### DATASET EXTRACT

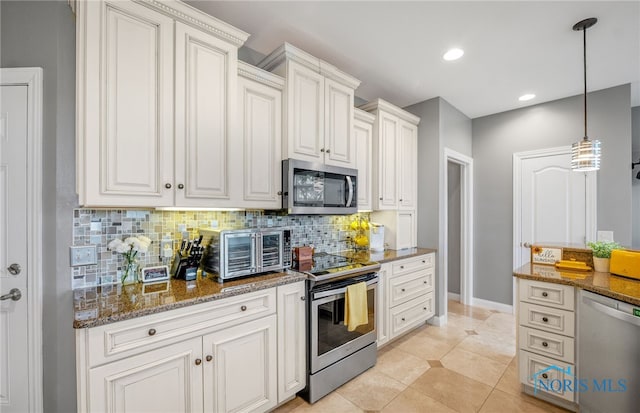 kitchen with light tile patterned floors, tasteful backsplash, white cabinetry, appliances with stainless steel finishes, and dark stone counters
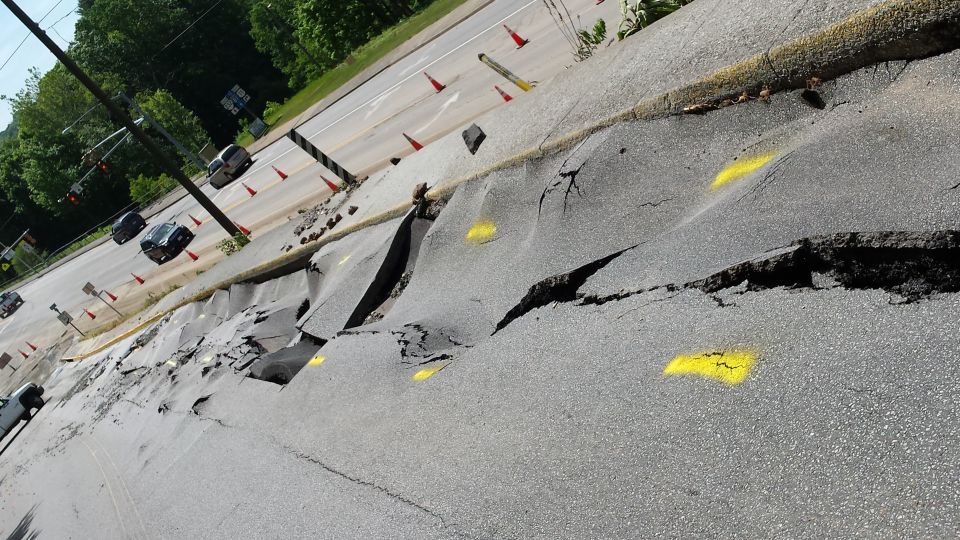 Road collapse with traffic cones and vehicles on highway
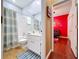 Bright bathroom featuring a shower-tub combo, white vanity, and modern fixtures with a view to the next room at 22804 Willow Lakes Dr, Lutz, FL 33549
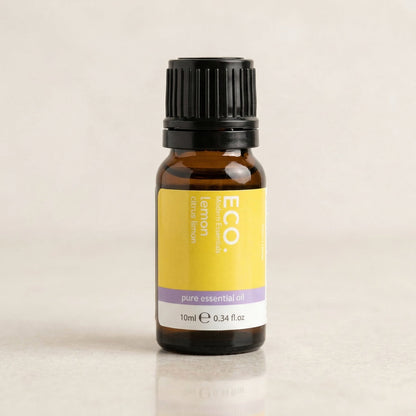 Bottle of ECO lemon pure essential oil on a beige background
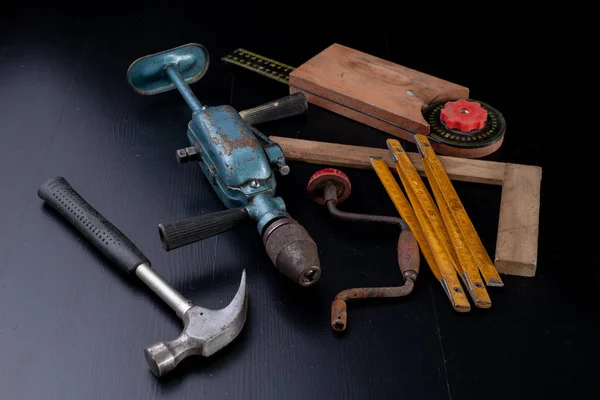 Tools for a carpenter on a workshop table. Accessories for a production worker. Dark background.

######

Restate word for word the lines that begin at the one containing "Road collapse with" and end with the final line of the records. Pictures stay out.

(OUTPUT FOR THIS EXERCISE):
 Road collapse with traffic cones and vehicles on highway
 Bright bathroom featuring a shower-tub combo, white vanity, and modern fixtures with a view to the next room at 22804 Willow Lakes Dr, Lutz, FL 33549
 Bottle of ECO lemon pure essential oil on a beige background
 Tools for a carpenter on a workshop table. Accessories for a production worker. Dark background.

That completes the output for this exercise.